Open to senior IT professionals, the seminar comes at a time when hacking and data loss stories have dominated the headlines in 2011, and as governments and enterprises are realising the need to re-examine their data security protocols

The traditional approach to security is failing to keep up with rapidly evolving and sophisticated threats to both financial and IP assets at corporate and government level. A trusted framework for data security is needed to protect organisations of all types, both now and in the future.

Wave Systems will lead a series of roundtable debates and panel discussions to tackle these issues, as well as giving an update from the US where the National Security Agency has lent its support to embedded hardware security built on open standards, hosting last week's 2nd Annual NSA Trusted Computing Conference.

This change of approach, led by Wave, will be a key talking point at the seminar.

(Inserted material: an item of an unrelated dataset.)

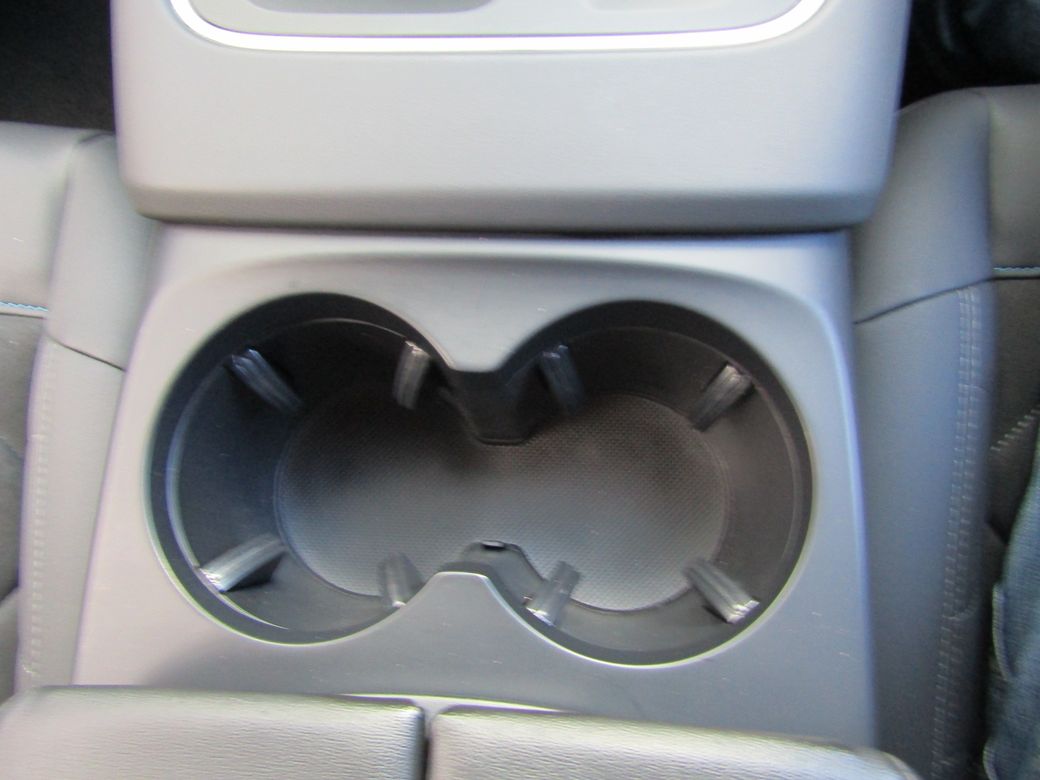 2023 Citroen C5 Aircross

The company leverages the hardware security capabilities built directly into endpoint computing platforms, and is helping shape standards through its work as a board member for the Trusted Computing Group.

Joseph Souren, Vice President at Wave Systems says: "Security in today's IT infrastructure focuses on building layers of software defence and these systems have been exposed to high-profile breaches. We believe that organisations should seriously consider adding device identity as an independently managed layer to help protect their data. This device-based security solution offers unmatched protection and will play an integral role as organisations move to the cloud.

"It's a framework championed by major organisations, enterprises and governments across the globe but there is still a lack of awareness about device-based security, even though around a half billion business-grade PCs and laptops have been deployed equipped with the technology to put these systems into practice."

Earlier this year the CESG, the UK's Communications Electronics Security Group and the government's technical authority on Information Assurance, issued recommendations for the use of device-based security within government agencies. Both the US Government and the NSA have also made Trusted Computing technology central to their security protocols.

Wave Systems has recently launched a strategic programme to develop markets in the UK, Europe, Middle East and Africa and provide trusted, proven and unbeatable network security and compliance solutions for organisations of all sizes.